On the ides of March, the most powerful military leader in the world entered Ardmore.
People lined the streets around this central Lower Merion Township community to see his entrance Monday afternoon. Many cheered. Some booed. Only commuters trying to get from one end of Lower Merion to another needed to beware as they navigated around long stretches of cordoned-off roads.
President George W. Bush came to the Main Line ostensibly to talk about the importance of federal housing programs to first-time homebuyers. On his way to making that point, however, the president managed to promote his domestic agenda, stress the importance of his foreign policy and offer a hearty pat on the back to oft-independent Republican U.S. Sen. Arlen Specter, who is in the primary fight of his political life with conservative Congressman Pat Toomey.

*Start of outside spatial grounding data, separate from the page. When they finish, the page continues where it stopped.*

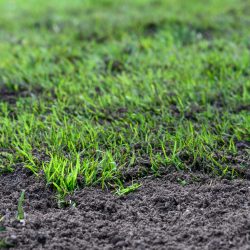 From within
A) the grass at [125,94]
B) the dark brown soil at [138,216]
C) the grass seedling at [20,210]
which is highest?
the grass at [125,94]

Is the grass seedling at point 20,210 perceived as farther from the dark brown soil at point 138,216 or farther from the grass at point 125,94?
the grass at point 125,94

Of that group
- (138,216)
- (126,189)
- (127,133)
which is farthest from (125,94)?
(138,216)

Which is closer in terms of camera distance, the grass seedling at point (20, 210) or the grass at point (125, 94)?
the grass seedling at point (20, 210)

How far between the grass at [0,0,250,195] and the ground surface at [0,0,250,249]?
1cm

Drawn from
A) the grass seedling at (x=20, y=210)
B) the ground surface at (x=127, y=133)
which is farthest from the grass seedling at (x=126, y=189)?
the grass seedling at (x=20, y=210)

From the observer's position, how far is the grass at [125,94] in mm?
3846

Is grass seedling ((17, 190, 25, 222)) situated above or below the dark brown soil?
above

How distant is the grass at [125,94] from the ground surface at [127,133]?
0.01 meters

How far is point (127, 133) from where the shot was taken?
4242 mm

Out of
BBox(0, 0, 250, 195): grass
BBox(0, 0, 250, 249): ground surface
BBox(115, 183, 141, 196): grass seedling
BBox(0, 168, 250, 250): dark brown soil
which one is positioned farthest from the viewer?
BBox(0, 0, 250, 195): grass

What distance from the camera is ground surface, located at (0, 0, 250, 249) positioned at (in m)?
3.16

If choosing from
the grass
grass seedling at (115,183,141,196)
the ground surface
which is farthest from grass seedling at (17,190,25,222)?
grass seedling at (115,183,141,196)

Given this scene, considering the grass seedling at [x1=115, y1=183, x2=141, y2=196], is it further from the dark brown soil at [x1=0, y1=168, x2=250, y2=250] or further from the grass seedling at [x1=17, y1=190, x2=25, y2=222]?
the grass seedling at [x1=17, y1=190, x2=25, y2=222]

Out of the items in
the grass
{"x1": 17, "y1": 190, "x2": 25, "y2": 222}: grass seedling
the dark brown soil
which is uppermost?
the grass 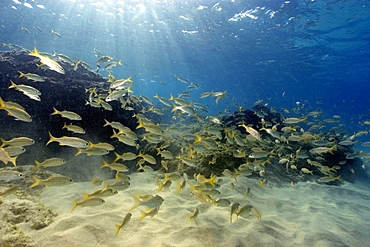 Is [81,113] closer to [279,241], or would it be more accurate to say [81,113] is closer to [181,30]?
[279,241]

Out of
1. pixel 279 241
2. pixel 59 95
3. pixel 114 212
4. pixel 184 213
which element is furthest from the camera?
pixel 59 95

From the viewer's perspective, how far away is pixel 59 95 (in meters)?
9.35

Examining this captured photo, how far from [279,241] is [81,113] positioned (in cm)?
872

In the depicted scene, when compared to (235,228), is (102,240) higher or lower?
lower

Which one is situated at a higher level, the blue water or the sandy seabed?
the blue water

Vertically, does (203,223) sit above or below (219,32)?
below

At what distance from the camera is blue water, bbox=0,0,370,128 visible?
21.2m

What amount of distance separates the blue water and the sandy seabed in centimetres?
1366

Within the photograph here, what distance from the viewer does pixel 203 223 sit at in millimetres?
4559

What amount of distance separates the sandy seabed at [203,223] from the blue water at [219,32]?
13.7 m

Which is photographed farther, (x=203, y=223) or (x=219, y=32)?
(x=219, y=32)

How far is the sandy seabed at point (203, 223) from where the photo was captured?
382 centimetres

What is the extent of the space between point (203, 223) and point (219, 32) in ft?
90.2

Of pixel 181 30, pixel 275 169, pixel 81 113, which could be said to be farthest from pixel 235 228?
pixel 181 30
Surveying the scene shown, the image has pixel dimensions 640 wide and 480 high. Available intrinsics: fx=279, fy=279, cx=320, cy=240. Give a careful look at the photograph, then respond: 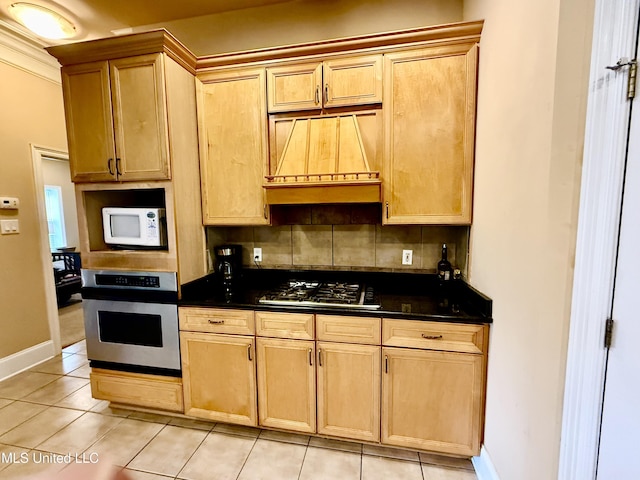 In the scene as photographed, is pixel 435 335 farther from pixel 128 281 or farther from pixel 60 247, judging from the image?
pixel 60 247

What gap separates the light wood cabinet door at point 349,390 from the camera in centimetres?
163

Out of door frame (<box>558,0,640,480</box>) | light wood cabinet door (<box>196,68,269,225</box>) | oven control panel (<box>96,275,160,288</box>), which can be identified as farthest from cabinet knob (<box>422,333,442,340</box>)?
oven control panel (<box>96,275,160,288</box>)

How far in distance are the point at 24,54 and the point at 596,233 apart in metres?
4.41

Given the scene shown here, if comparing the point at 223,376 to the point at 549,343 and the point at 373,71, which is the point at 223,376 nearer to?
the point at 549,343

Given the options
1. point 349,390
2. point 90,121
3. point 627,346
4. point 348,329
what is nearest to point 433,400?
point 349,390

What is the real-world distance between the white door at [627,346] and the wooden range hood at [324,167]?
3.48 feet

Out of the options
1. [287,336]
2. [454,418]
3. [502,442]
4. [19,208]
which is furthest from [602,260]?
[19,208]

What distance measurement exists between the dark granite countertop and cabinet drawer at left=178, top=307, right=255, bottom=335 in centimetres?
4

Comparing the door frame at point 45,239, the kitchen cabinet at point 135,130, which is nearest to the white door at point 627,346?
the kitchen cabinet at point 135,130

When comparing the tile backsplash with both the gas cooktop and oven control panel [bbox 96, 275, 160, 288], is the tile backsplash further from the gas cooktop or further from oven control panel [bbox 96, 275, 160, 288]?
oven control panel [bbox 96, 275, 160, 288]

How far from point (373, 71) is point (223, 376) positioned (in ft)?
7.16

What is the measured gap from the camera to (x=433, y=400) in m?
1.57

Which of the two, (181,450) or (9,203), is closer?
(181,450)

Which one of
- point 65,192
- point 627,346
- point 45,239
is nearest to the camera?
point 627,346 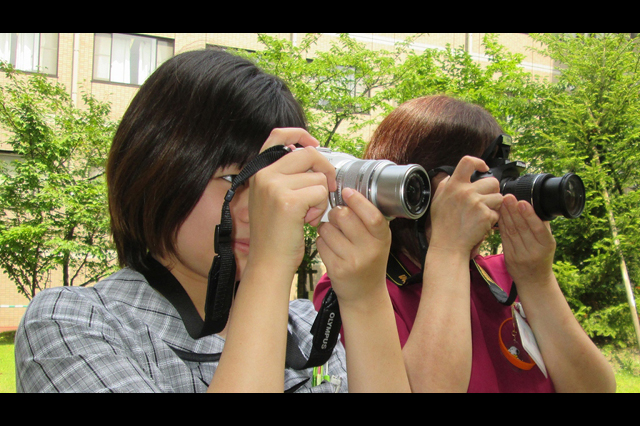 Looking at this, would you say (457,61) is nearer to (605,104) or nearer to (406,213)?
(605,104)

Bush also used the event to lobby for the Senate's confirmation of Acting Secretary of Housing and Urban Development Alphonso Jackson.
He called Specter "an ally and a friend."
"We haven't always agreed on everything, but we need his independent voice in the U.S. Senate," the president said amidst a packed audience in the gymnasium at the Main Line YMCA on Montgomery Avenue at about 3 p.m. "I'm glad he's here."
Joking, President Bush referred to Montgomery County Board of Commissioners President Jim Matthews as "the smart brother." Matthews' iconoclastic sibling is MSNBC "Hardball" host Chris Matthews.
The president promised to bring an end to terrorism and the "cold-blooded killers" behind the Sept. 11 attack.
"We are holding Saddaam Hussein to account," he said. "Some people called this a march to war. What's more important, though, is that we are now marching to peace."
Turning to the economy and corporate America, the president said, "People didn't tell the truth in many corporations. We have passed tough new laws that won't tolerate dishonesty in board rooms in America."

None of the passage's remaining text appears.